ACTION ITEM: Your copy should hold only the lines from the one with "The Line By" to the one with "4. Juli Made", both included, each exactly as it stands below, with no pictures.

MATERIALS PROVIDED:

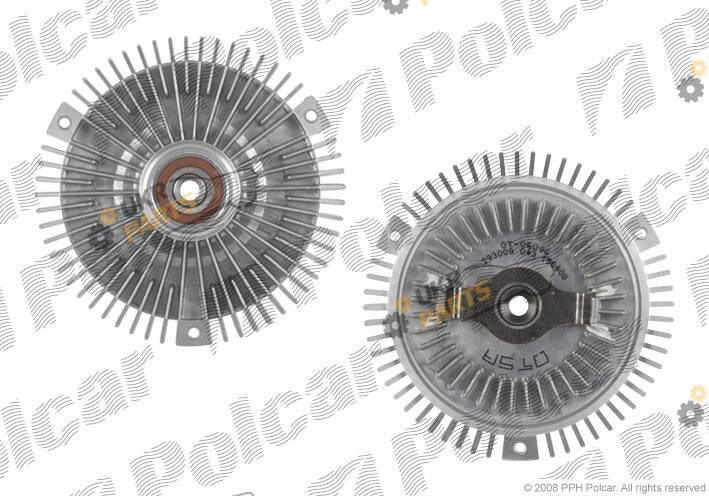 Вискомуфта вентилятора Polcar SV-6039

* * *

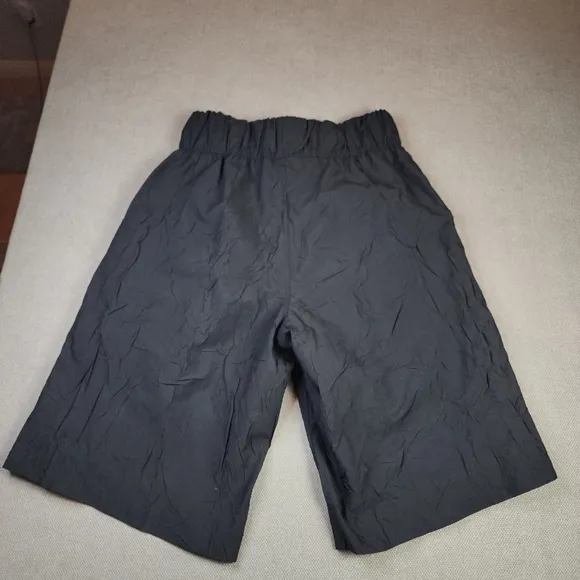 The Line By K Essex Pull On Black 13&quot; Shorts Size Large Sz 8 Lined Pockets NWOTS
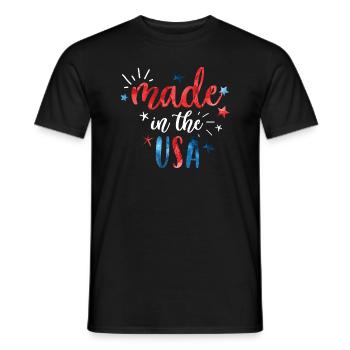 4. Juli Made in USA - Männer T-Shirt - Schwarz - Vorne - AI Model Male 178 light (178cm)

==

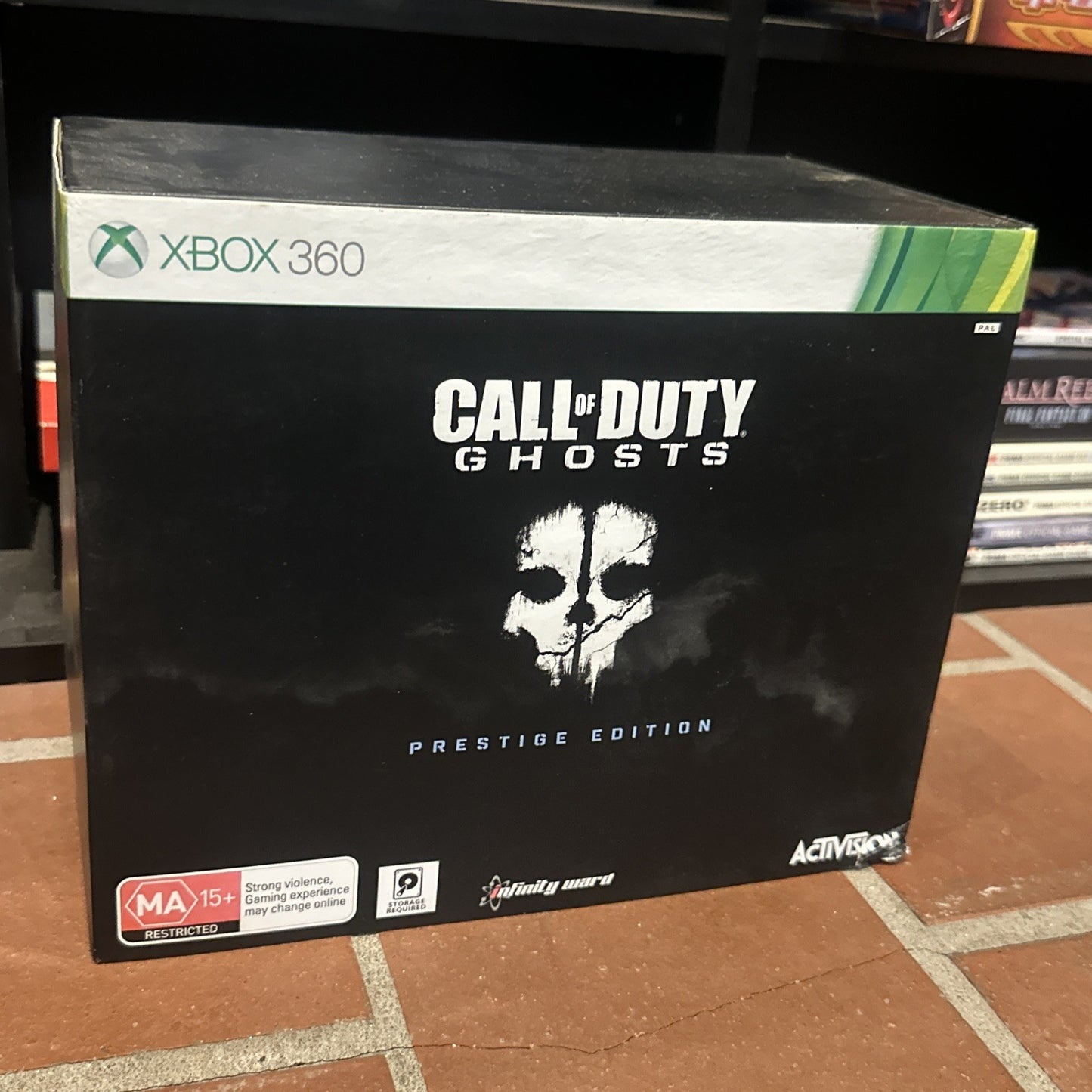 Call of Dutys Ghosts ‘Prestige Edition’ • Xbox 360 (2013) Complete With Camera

PROBLEM SOLUTION:
 The Line By K Essex Pull On Black 13&quot; Shorts Size Large Sz 8 Lined Pockets NWOTS
 4. Juli Made in USA - Männer T-Shirt - Schwarz - Vorne - AI Model Male 178 light (178cm)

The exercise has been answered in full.